Linear algebra is a branch of mathematics that deals with the study of vectors, matrices, and linear transformations. It provides a framework for solving various problems in science, engineering, and other fields. Given a system of linear equations, there is a corresponding matrix called an “augmented matrix.” On a matrix, we can perform three types of operations:

- Exchange two rows,
- multiply an entire row by a nonzero scalar, and
- add a multiple of one row to another.

A matrix can be reduced to a matrix called row echelon form or reduced row echelon form. To any linear system, there is a corresponding matrix called an “augmented matrix” and vice versa. Solving a linear system corresponding to an augmented matrix is equivalent to solving the linear system associated with its row echelon form or reduced row echelon form.

Linear algebra can be used to solve systems of linear equations, which arise in many areas of science and engineering. It is also used in data analysis and machine learning, where it is used to find patterns and relationships in large datasets.

The basic objects in linear algebra are vectors and matrices. A vector is a quantity with both magnitude and direction, such as the force applied to an object or the velocity of a moving object. A matrix is a rectangular array of numbers representing linear transformations and systems of linear equations.

Linear algebra also includes the study of linear transformations, which are functions that preserve the structure of vectors and matrices. These transformations can be used to represent rotations, reflections, and other types of geometric operations.

In addition to its applications in science and engineering, linear algebra has many theoretical applications. It is used in the study of abstract algebra, functional analysis, and other areas of mathematics.
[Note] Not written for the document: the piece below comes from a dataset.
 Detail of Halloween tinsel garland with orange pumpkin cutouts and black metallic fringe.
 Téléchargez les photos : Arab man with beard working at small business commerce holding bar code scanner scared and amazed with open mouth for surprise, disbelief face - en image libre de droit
This course is typically an introductory-level course that covers the fundamental concepts of linear algebra, including vectors, matrices, linear transformations, and systems of linear equations. The course aims to provide students with a solid understanding of linear algebraic concepts and their applications in various fields.

The following are some topics that will be covered in this course:

- Systems of linear equations: The concept of linear systems of equations, methods for solving linear systems of equations, including row reduction, Gaussian and Gauss-Jordan elimination, matrix inversion, and Cramer’s rule.
- Matrices: The definition and properties of matrices, matrix operations, matrix algebra, and matrix multiplication.
- Determinants: The concept of determinants, properties of determinants, and how they can be used to compute the inverse of a matrix.
- Vectors and vector spaces: The concept of vectors, vector operations, and vector spaces, including linear independence, basis, and dimension.
- Linear transformations: The definition and properties of linear transformations, including the concept of kernel and image and how they can be represented using matrices.
- Eigenvalues and eigenvectors: The definition and properties of eigenvalues and eigenvectors and how they can be used to diagonalize a matrix and solve problems related to linear transformations.

By the end of the course, students should have a solid understanding of linear algebraic concepts and their applications and be able to apply this knowledge to solve problems in various fields.